It tricky to know what to do when you wake up in the morning in your flat, walk downstairs and find your ground floor neighbour has added a swastika to their front door. I can understand adding a nameplate or perhaps a seasonal wreath but a symbol of Nazi power is a different matter entirely. Of course, it could have been the Indian symbol of peace but, when confronted with a swastika, my first thought is not to think these people mean well. Especially not when it was drawn on the door in blood.
What was worse, being British, I would have just ignored it and hoped it would go away by the time I got home from work. However we had people coming later that day for a second viewing of our flat. The first people to do so in five years. We’d be trying to sell it through the post 2008 recession and had it on the market twice. This was the first couple who’d not dismissed it after one viewing. We could not have them see a swastika as soon as they walked in.
“What’s that?” they’d say while pointing to it.
“Indian symbol of peace?” I’d suggest while they make their excuses and leave.
I needed to do something. But what? I thought of knocking on their door and asking if they would remove the swastika themselves. But then I thought what if it was a genuine Indian symbol of peace. Would this be like asking a Catholic to remove their cross? Perhaps I should check first: I could say, “Is this symbol more ethnic or ethnic cleansing?
And what if they said it was ethnic? Could I then ask them to remove it? I’m not sure I could, it would be culturally insensitive. So, I did what anyone would do in the circumstance. I grabbed a paint pot, a brush and decided to paint their door. Luckily, their door was white and I had white paint as otherwise they would open it and say:
“Can’t wait to see the swastika we created last night! If we just open this door we’ll see – what a minute, where’s the swastika? Where’s my blood? Was it this door we used? Don’t tell me, we got the wrong door. Check the kitchen! And, wait, was our door white?!”
It only takes me a couple of minutes to paint the door. The whole time I’m doing it I’m worried they’ll open the door and I’ll have to explain why they’re interrupting me mid-stroke. A mid-stroke interruption only slightly less embarrassing by your mum catching you mid-horniness.
“What are you doing?” They’d say.
And I then have to explain we had a flat viewer coming and I’ve already said how embarrassing that would be – having to talk to my neighbour. But now I’m doing so while carrying out some guerrilla DIY.

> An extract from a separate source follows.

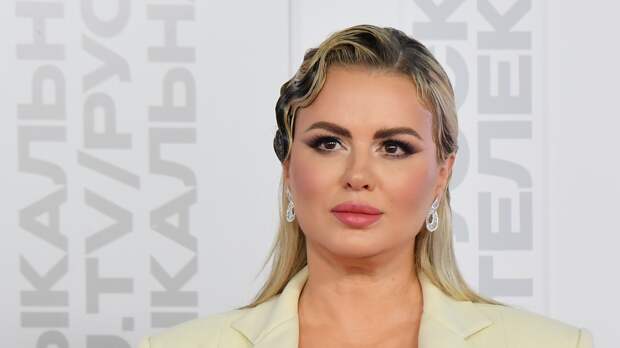 «Странно живут»: Анна Семенович жестко раскритиковала современных мужчин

“Just giving the hall a lick of paint,” I’d say, and then I’d have to paint the whole hallway and every door to keep up the pretence that I wasn’t just trying to erase their swastika.
“Also,” I’d add, “it’s because of the symbol.”
“The swastika?” They’d ask, because if you’re going to paint a swastika in blood on your own door then I imagine they’d be pretty up front about it. It’s not the move of someone who’s shy and quiet.
“Yes, the Indian peace symbol,” I’d suggest because I’d want to give them a way out of the conversation.
And they’d say “Heil, Hitler,” while saluting.
And I’d say, “Heil, Hitler,” just to be polite.
Then the two of us would probably paint another swastika because I’d be too afraid to mention the first one again. Except this time they use my blood because they still feel a bit faint from yesterday’s swastika.
That’s the thing about daubing hate graffiti onto porous surfaces, you need a lot of liquid to leave a mark, which is something they don’t teach you in the Hitler Youth camps, it’s all marching and saluting and very little about basic decorating.
Luckily, the door didn’t open and I was able to make it all white while trying not think of the irony of that while erasing a symbol of white power.
If I had been caught, I suspect that my neighbours would have not thought I was a mutual admirer of the Fuhrer. Instead they would probably have thought I was Jewish. Many do. It’s because I have a big nose. Which sounds racist. I’m saying that people think I’m Jewish because I have a big nose. Which suggests I think Jewish people have a big nose. But I’m not the one making the comparison. It’s the people thinking I’m Jewish because of the nose. They’re the racist ones. Especially the Jews.
(I’d better explain that comment quickly!)
I was on holiday before lockdown when a group of Hassidic Jews approached me. We were queuing for a tourist attraction with Asian tourists in masks, a few black families and a number of Hassidic Jews. We thought nothing of them until they came over and said “Shalon, brother!” and then tried to talk to me as if I was part of their tour group. I wasn’t. But my nose made them think I was. Racists!
It wasn’t the first time either, at work, a senior partner would always ask me for directions to the Jewish cemetery or if I knew how to get to various synagogues. Again, I’m not Jewish, but my nose is or at least people think it is – and think I am! – until they catch me with a paint pot in front of a door with a recently daubed swastika.